This is very pleasant indeed, as if your Ho­liness had not committed as much iniquity as mine. Were not you as much Antichrist as the Turk, or the Jew, and more than the Devil, when you ven­ted that blasphemous saying, O quantum nobis pro­fuit haec fabula Christi! I confess the Kingdom of Christ was the Title to my Holy War, but I never gain'd so much by that Name as you have done; alas, what were the Spoils and Plunders of three King­doms, compar'd to the vast Revenues of your Triple Crown?

Well, I don't question but in this Age to see the downfall of Rome. And tho' the Grand Visir was the last year unfortunate, yet remember, that your Peters Cathedral hath a Cupola, after the mode of [Page 19] the Turkish Moschs, and it may yet follow the Fate of Sancta Sophia.

Po.

If Rome be Mystical Babylon, or the chief seat of the Beast, (as the Hereticks phrase it) My com­fort is, that the Turk and You, are the Half-moons, and Out-works of Antichrist, You must be first bat­ter'd down, before the fall of Babylon. But I am weary of this raillery, let us return to your unfor­tunate Conspiracy.

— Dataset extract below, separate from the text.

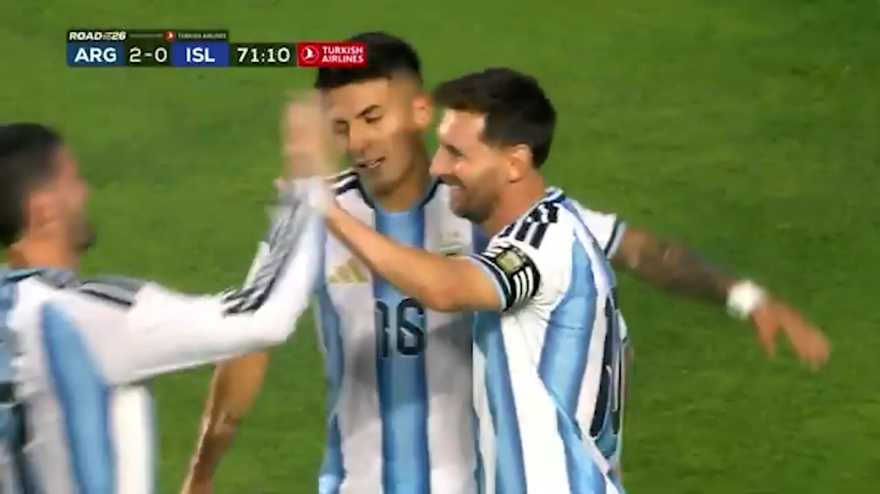 Mondiali 2026, Messi on fire: entra, manda in port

Did Your Martyrs go off with as much Gallantry as mine? Those Roman Heroes, whom you offer'd up in Sacrifice to your Moloch, tho' they were per­sons of different Education and Tempers, yet had so clear an innocence, that with dying Vows they disown'd the whole Scene of the Popish Plot: The Lord Stafford's Speech look'd like the plain meaning of dying innocence, and not like the Artificial composure of any Northern Jesuit.

Ph.

Your Doctrines of Equivocation, and Mental Reservation, have possest the People with such an inveterate prejudice, that the Papists can have no method of Credibility.

Suppose the Lord Stafford had out-done the Le­gend of your St. Dennis, and after the Axe had given the fatal blow, should have leapt upright and taken his Head under his Arm, and walk'd in so­lemn Parade from the Scaffold, to the House of Commons, and with the Tongue of Men and Angels should have spoken his innocence: I could easily have shamm'd the Miracle, and perswaded the people it was no more than one of the deceivable works, or lying wonders of Antichrist. Thess. 2. 2.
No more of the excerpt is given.